Bright’s brushwork is highly energetic, layered and unafraid of a kind of insolent coarseness that prevents the canvases from going stale. Any leanings toward the soothing or neutral that might come from his uses of pastel blues, oranges, greens and purples are disrupted by erupting fissures of intense, darker colors. Other paintings begin at this darker end of the spectrum, creating stormy relationships between patches of brighter hues. In all cases he evokes hand stitching, graffiti-like gestures, almost-ideograms and expressionistic gestures to help define a subtle grid that underlies most of the works.
This grid is, perhaps, the most direct relationship to the music that the exhibition’s title references. Bright’s “Finding the 9th” is not a Disney “Fantasia”-style representation in paint of Beethoven’s 9th Symphony. Rather, like music itself, it is a set of explorations of time and change, making full use of the way that the technical term “chromatics” is deployed in both art forms. Sound can behave like color, and the eye (like the ear) rarely rests. Instead it is constantly sampling other regions of the canvas for contrast and complementarity, including a z-axis of depth achieved through a mix of transparencies, layered application of paint and carefully selected colors.
Bright has a theory that the movements of Beethoven’s 9th describe the composer’s autobiographical struggle with the ups and downs of artistic and individual development. Four large canvases (“Ode IV,” “Deep Under III,” “Garden Life II,” and “Origins I”) can be loosely affiliated with the symphony’s four movements, while a collection of small oil-on-paper paintings serve as ancillary means of getting to know Bright’s style. There is definitely a strong emotionality to these works that is challenging without being obscure or off-putting.
This show marks Bright’s first solo painting exhibition in Honolulu, though he has shown work at the Bishop Museum, Gallery Iolani, the Honolulu Museum of Art and thirtyninehotel. Unfortunately, it is difficult to assess the true impact of these works in this context: One wonders, for instance, whether a given canvas attracts or goes less noticed placed above a fancy sofa.
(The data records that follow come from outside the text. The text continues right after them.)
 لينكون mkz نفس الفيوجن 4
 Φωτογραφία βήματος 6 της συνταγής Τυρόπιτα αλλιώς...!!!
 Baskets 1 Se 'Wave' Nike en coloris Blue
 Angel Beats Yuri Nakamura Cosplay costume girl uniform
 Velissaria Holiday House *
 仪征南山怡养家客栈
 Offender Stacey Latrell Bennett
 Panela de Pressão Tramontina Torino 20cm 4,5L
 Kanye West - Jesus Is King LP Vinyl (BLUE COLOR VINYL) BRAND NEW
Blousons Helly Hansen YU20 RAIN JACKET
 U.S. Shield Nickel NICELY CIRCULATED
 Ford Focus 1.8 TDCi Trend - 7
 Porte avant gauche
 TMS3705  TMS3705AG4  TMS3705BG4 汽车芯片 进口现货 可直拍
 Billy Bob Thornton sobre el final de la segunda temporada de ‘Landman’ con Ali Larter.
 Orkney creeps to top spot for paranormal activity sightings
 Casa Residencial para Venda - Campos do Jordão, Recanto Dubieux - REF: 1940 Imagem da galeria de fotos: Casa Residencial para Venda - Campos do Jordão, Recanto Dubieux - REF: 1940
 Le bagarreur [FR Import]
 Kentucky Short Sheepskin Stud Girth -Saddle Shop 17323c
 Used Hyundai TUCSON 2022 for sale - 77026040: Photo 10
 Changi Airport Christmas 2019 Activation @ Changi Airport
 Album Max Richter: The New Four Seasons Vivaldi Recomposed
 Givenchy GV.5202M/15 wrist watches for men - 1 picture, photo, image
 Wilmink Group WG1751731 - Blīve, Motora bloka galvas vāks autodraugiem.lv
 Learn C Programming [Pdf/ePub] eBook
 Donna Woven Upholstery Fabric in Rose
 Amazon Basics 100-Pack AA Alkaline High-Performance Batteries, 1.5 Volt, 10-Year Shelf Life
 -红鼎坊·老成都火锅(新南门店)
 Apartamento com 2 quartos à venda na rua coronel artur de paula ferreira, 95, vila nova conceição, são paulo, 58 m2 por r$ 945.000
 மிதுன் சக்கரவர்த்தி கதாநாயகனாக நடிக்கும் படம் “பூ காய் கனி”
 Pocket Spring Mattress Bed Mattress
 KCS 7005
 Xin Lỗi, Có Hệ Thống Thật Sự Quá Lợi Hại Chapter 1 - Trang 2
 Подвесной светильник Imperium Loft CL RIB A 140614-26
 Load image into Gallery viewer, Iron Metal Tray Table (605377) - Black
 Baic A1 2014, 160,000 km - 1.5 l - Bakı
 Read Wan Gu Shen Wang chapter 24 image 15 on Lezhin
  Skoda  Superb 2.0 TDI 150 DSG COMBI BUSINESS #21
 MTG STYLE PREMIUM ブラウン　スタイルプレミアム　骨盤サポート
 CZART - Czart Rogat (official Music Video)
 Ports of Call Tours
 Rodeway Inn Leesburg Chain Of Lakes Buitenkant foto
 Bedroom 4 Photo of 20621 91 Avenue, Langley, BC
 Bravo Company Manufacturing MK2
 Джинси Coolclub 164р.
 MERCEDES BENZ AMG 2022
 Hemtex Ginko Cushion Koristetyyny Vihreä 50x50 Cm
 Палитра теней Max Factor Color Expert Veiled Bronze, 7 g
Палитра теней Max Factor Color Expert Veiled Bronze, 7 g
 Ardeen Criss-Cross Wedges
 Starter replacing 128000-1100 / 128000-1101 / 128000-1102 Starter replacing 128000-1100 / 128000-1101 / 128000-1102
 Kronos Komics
That said, beyond perhaps giving us an exercise in mindfulness, Bright, who also runs Kama‘aina Acupuncture, probably wouldn’t object to someone’s buying one of his colorful, dynamic canvases to go along with some of the furniture and lighting fishcake sells. Product placement can itself be viewed as an expression of the kind of flexible thinking that Bright embeds in all his work.